C’est bien le cas de terminer ainsi cette tirade : « Cette fortune est « démocratisée », et il ne faut pas s’étonner si la « poussière de titres ou de revenus » que l’on possède pendant sa vie se traduit par une « poussière d’héritages et de successions » après la mort. »

Moi non plus, je ne m’en étonne pas ; je serais même beaucoup plus étonné s’il en était autrement, et si cette poussière de titres et de revenus ne se traduisait pas, après la mort, en poussière encore plus impalpable. Pulvis es, ô miser, et in pulverem reverteris.

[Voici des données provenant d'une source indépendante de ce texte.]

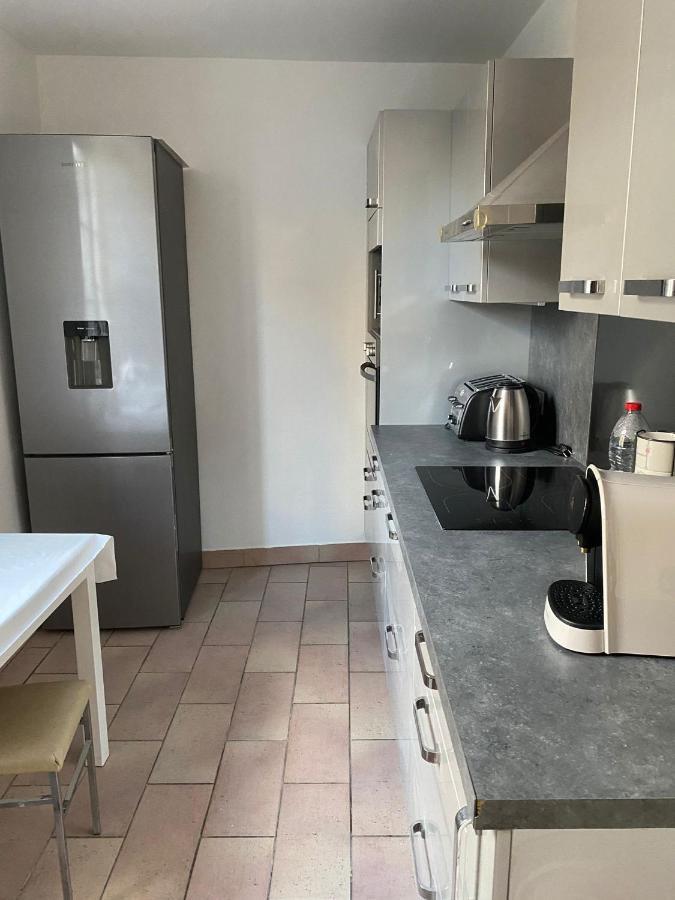 Grand F4 De 71M2 Pour 6 Personnes En Plein Centre Ville Арпажон Экстерьер фото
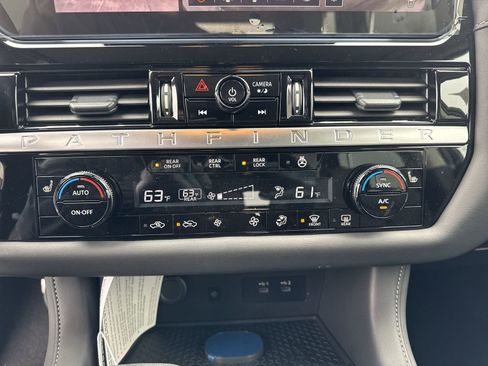 New 2026 Nissan Pathfinder SL image 16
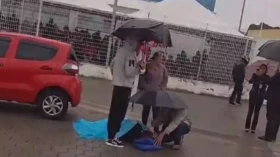 Mulher é atingida por carro em frente ao AME de Taubaté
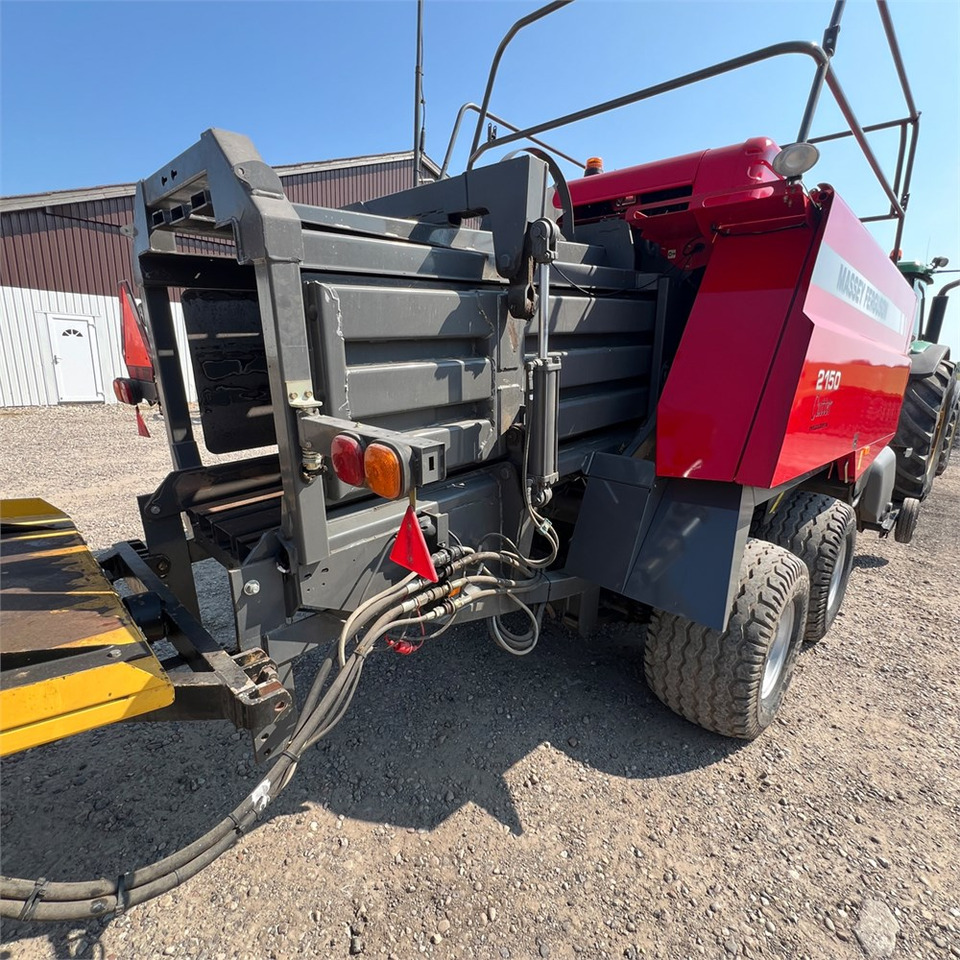 Massey Ferguson 2150 - Szálastakarmány betakarítás gépei: 5 kép. Massey Ferguson 2150 - Szálastakarmány betakarítás gépei: 5 kép.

Eh bien, ces explications de M. Neymarck sont bien loin de modifier ma manière de voir au sujet de l’impôt. Il me semble plus que jamais que ces 100.710 citoyens dont la fortune a si bien progressé peuvent, sans grand dommage pour eux, payer un impôt qui aura aussi progressé. Ils seront même, malgré cette progression de l’impôt, toujours au-dessus de l’échelle, et ceux qui sont en bas auront pu s’élever un peu.

Mais non, messieurs les ploutocrates et économistes ne veulent pas qu’on touche à cet admirable ordre de choses ; cela ferait crouler ce superbe échafaudage social le plus beau, disent-ils, et le plus juste existant sur la planète. Sur notre budget de 4 milliards, qui grandira sans doute encore, il faut continuer à en faire payer la moitié et, si possible, les trois quarts, par ces 12 millions d’heureux épargnistes qui ont encore l’audace de se plaindre lorsque 4.500.000 d’entre eux possèdent de 20 sous à 500 francs, et que 4 millions encore plus heureux possèdent de 500 à 2.000 francs.

On a bien raison de dire : L’homme n’est jamais content de son sort.